12.12.2024

Microsoft unveiled a new sustainable design for its data centers

Microsoft has announced the launch of a new design for its data centers, optimizing artificial intelligence (AI) workloads and avoiding water consumption for cooling. The technology supports the company's sustainability goals focused on data centers, it reports esgtoday.com.

Earlier this year, the tech giant announced its Datacenter Community Pledge program, which aims to help reduce the growing footprint of data centers and address societal challenges and create benefits in local communities.

Data centers generate a tremendous amount of heat and typically use chilled water to absorb the heat. According to experts, an average-sized data center uses about 300 gallons of water per day, the same amount used by 000 US households.

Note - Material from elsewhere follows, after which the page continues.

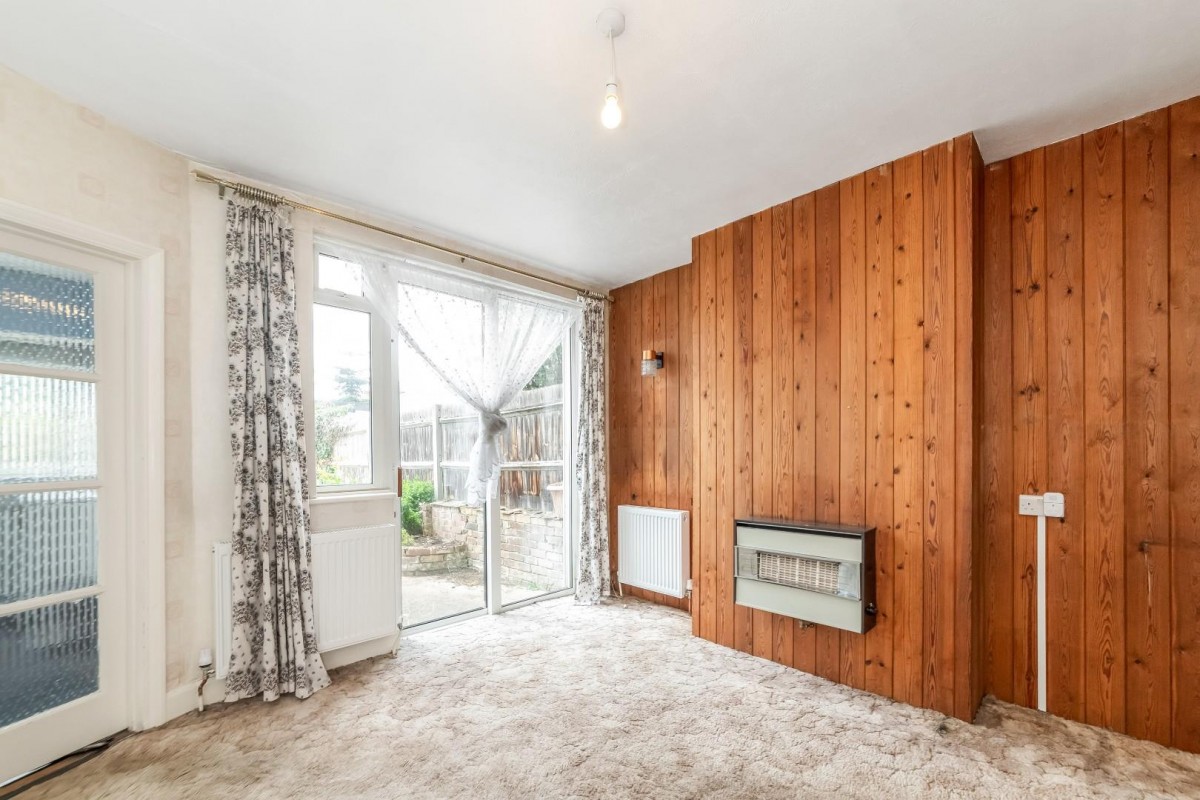 Old Farm Avenue, Sidcup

This puts data centers among the top 1000 commercial and industrial water users.

The new data center projects 

Microsoft has announced that new data center projects to be built in Phoenix, Arizona and Mount Pleasant, Wisconsin will pilot cooling systems that do not consume water. These new data centers are the first to use next-generation cooling technology that avoids water evaporation. According to the company, this will save up to 125 million liters of water per year per data center.

All of the company's new data center designs have begun using the new cooling technology. Microsoft states that the new liquid cooling technologies recycle water through a closed loop – water is filled into the system when the data center is under construction, and this water will continuously circulate between the servers and coolers to dissipate heat without fresh water supply is required.

Tech giant Microsoft also adds that it has taken other steps to reduce water consumption. Based on the measurement of water use efficiency (WUE), the company's efforts improved this metric in the last fiscal year by 39% compared to the amount used in FY2021.

These savings are fueled in part by the expanded use of alternative water sources, such as reclaimed and recycled water, in data centers in Texas, Washington, California and Singapore.

“We have been working since the early 2000s to reduce water use and have improved our WUE by 80% since our first generation of data centers. As water challenges become more extreme, we know we have more work to do. The move to next-generation data centers is expected to help reduce WUE to near net zero for each data center using zero water evaporation. As our fleet expands over time, this change will help further reduce Microsoft's fleet WUE,” commented Steve Solomon, vice president, Data Center Infrastructure Engineering at Microsoft.